Buttermilk Fried Green Tomatoes W/ Spicy Sweet Corn Slaw
Prep Time- 30 mins Cook Time- 15 mins Yields- 6 servings


4 Green Tomatoes, sliced ½ inch thick
½ cup buttermilk
1 cup all-purpose flour
½ cup yellow cornmeal
2 teaspoons coarse salt
¼ teaspoon ground black pepper
Peanut Oil, for frying

For the Slaw:
2 ears fresh corn, shucked and kernels removed
1 jalapeno, seeded and minced
2 cups green cabbage shredded
2 cups red cabbage, shredded
1 carrot, finely shredded
1 red bell pepper, thinly sliced
½ cup fresh cilantro, chopped
1/3 cup olive oil
Juice of 1 lemon.
1 clove garlic, minced
1 teaspoon kosher salt
¼ teaspoon ground black pepper
1/4 teaspoon ground red pepper 

Add buttermilk to a medium size bowl. In a separate bowl add the flour, cornmeal, salt and pepper.
Place each slice into the buttermilk, then dredge in flour mixture to completely coat.
In a large skillet, pour peanut oil until there is about an inch of oil in your skillet.
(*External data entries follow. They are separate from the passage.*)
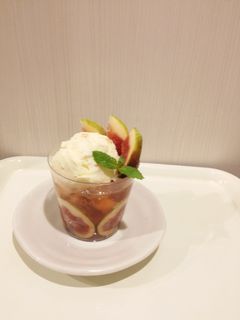 熟し柿とイチジクのパフェ-レシピのメイン写真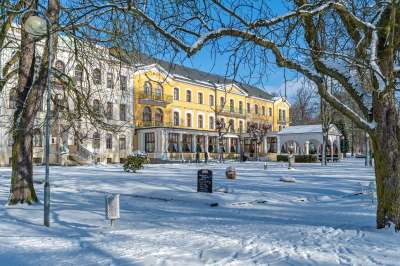 Lázeňský hotel Belvedere v zimě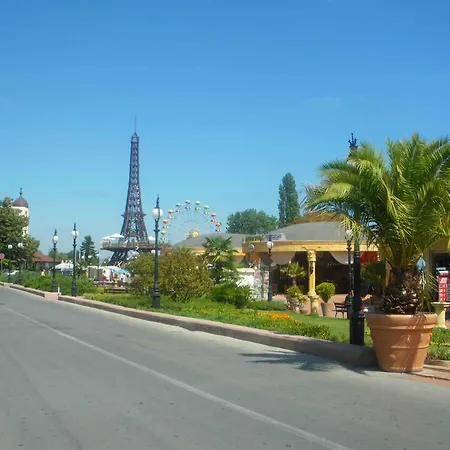 Europroperties Zlatna Kotva Apartment *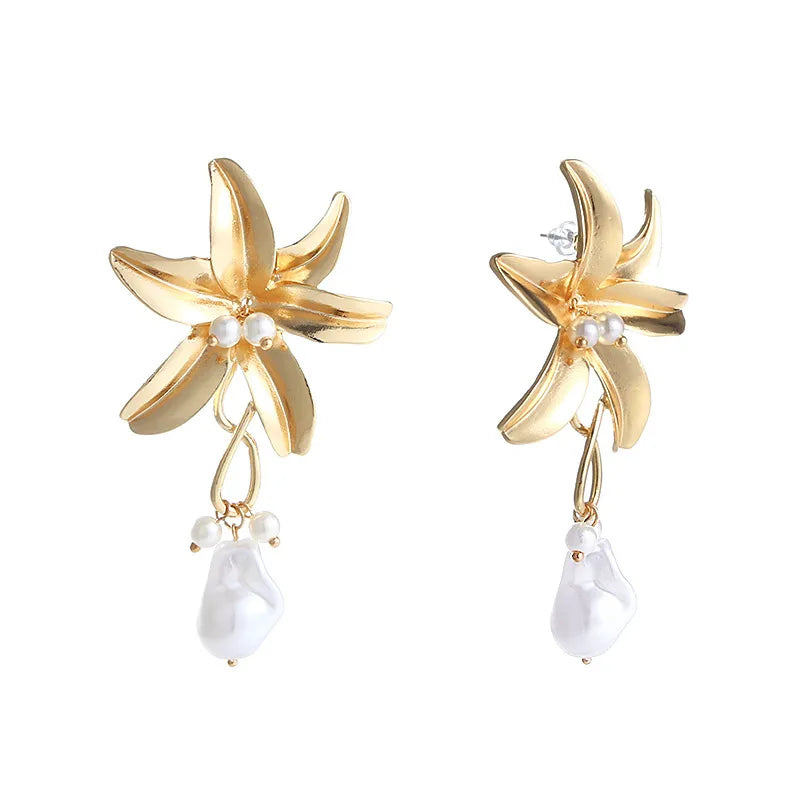 1 Pair Fashion Flower Imitation Pearl Alloy Patchwork Women'S Drop Earrings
This will vary depending on the size of the skillet you are using.  Heat oil on medium high heat. Place tomato slices in skillet, make sure they are not touching each other. (about 3-4 at a time)
When the tomatoes are golden brown, flip over and fry on the other side.
Remove from skillet and drain on paper towel lined plate.
For the slaw: In a large bowl, combine corn, jalapeno, cabbages, carrot, bell pepper, and cilantro. In a separate bowl, whisk together the olive oil, lemon juice, garlic, salt and pepper.  Pour over cabbage mixture stirring to combine.

To assemble, simply place one fried tomato on a plate and top with prepared slaw.